Seven different groups modelled Task No 3 using different conceptual and numerical methodologies for simulating flow in fractured rocks. The modelling work has been reported within the Äspö ICR Series.
This task is completed.
Radially converging tracer tests as well as dipole tests, detailed scale (1-10m).
Task 4 consists of modelling exercises in support of the TRUE tracer tests. Predictive modelling is also performed where the experimental results are not available beforehand.
|4A||Modelling in support of the development of a descriptive structural model of the test site|
|4B||Modelling in support of experimental design|
|4C||Predictive modelling of the radially converging tracer tests in the feature. Comparison of model output with experimental results.|
|4D||Predictive modelling of the dipole tests in the feature. Comparison of model output with experimental results. Evaluate what can be achieved with existing data set of TRUE-1 in terms of transport predictions for non-sorbing tracers.|
|4E||Predictive modelling of the TRUE-1 tracer tests with sorbing tracers. Comparison of model output with experimental results.|
|4F||Evaluation of what can be achieved with existing in-situ and laboratory data from the TRUE-1 site in terms of predicting transport of solutes subject to sorption.|
The task is completed.
Task 5 commenced in 1998 and was finalised in 2002. Participating modelling teams in the project represented ANDRA (France; three modelling teams – ANTEA, ITASCA, CEA), BMWi/BGR (Germany), ENRESA (Spain), JNC (Japan), CRIEPI (Japan), Posiva (Finland) and SKB (Sweden; two modelling teams – CFE and Intera (now GeoPoint)).

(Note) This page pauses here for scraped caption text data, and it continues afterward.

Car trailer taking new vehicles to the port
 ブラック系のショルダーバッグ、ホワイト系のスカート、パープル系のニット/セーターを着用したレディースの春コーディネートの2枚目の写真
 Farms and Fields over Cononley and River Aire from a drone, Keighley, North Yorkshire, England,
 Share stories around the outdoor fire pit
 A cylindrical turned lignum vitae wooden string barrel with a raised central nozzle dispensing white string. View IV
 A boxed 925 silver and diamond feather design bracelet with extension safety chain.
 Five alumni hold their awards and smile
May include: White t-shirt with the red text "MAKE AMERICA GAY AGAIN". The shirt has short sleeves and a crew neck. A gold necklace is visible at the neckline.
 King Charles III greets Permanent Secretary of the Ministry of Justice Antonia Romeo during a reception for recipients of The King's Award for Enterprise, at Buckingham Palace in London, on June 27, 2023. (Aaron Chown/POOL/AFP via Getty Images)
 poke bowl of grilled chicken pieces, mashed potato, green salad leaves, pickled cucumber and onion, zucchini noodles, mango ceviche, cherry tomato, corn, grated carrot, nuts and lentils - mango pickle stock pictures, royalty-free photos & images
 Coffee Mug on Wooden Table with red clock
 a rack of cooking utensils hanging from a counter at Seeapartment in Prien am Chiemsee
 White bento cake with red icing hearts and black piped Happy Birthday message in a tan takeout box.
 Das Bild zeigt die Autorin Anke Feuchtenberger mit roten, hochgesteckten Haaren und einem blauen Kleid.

Experience from Task 5 has highlighted several important aspects for site investigations facilitating the possibilities for mathematically integrated modelling and consistency checks that should be taken into account for future repository performance assessments.
Equally important is that Task 5 has provided the opportunity to bring together two scientific disciplines which have traditionally tended to work in parallel rather in collaboration. This is an important first step. There is now a much stronger appreciation that the use of hydrogeochemistry can lead to an increased understanding of hydrogeology and vice-versa.
Solute transport is a key aspect of both Performance Assessment (PA) and repository Site Characterisation (SC). Task 6 seeks to provide a bridge between SC and PA approaches to solute transport in fractured rock and focuses on the 50 to 100m scale. Task 6 tries to bridge the gap between PA and SC models by applying both approaches for SC boundary conditions (i.e. for trace experiments), and also for PA boundary conditions.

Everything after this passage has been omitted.